## [Working data]
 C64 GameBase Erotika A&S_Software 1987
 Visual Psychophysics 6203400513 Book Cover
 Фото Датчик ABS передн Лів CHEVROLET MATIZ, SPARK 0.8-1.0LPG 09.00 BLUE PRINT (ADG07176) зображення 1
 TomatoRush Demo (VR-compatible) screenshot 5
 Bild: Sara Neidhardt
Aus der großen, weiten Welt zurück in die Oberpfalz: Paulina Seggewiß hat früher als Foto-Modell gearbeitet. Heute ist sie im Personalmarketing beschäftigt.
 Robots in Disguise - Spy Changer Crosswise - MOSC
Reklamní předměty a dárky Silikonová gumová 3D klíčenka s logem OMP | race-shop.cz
--
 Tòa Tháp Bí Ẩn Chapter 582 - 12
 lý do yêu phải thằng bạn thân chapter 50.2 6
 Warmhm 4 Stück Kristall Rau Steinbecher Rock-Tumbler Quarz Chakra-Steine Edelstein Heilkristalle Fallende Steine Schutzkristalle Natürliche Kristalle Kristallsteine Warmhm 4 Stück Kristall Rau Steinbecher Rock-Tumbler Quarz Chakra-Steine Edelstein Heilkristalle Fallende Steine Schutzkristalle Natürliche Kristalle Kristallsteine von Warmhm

## [Exercise]
Reproduce, word for word and in full, only the lines above that start at the line with "Visual Psychophysics 6203400513 Book Cover" and run through the line with "Reklamní předměty a", both ends included.

## [Result of the task]
 Visual Psychophysics 6203400513 Book Cover
 Фото Датчик ABS передн Лів CHEVROLET MATIZ, SPARK 0.8-1.0LPG 09.00 BLUE PRINT (ADG07176) зображення 1
 TomatoRush Demo (VR-compatible) screenshot 5
 Bild: Sara Neidhardt
Aus der großen, weiten Welt zurück in die Oberpfalz: Paulina Seggewiß hat früher als Foto-Modell gearbeitet. Heute ist sie im Personalmarketing beschäftigt.
 Robots in Disguise - Spy Changer Crosswise - MOSC
Reklamní předměty a dárky Silikonová gumová 3D klíčenka s logem OMP | race-shop.cz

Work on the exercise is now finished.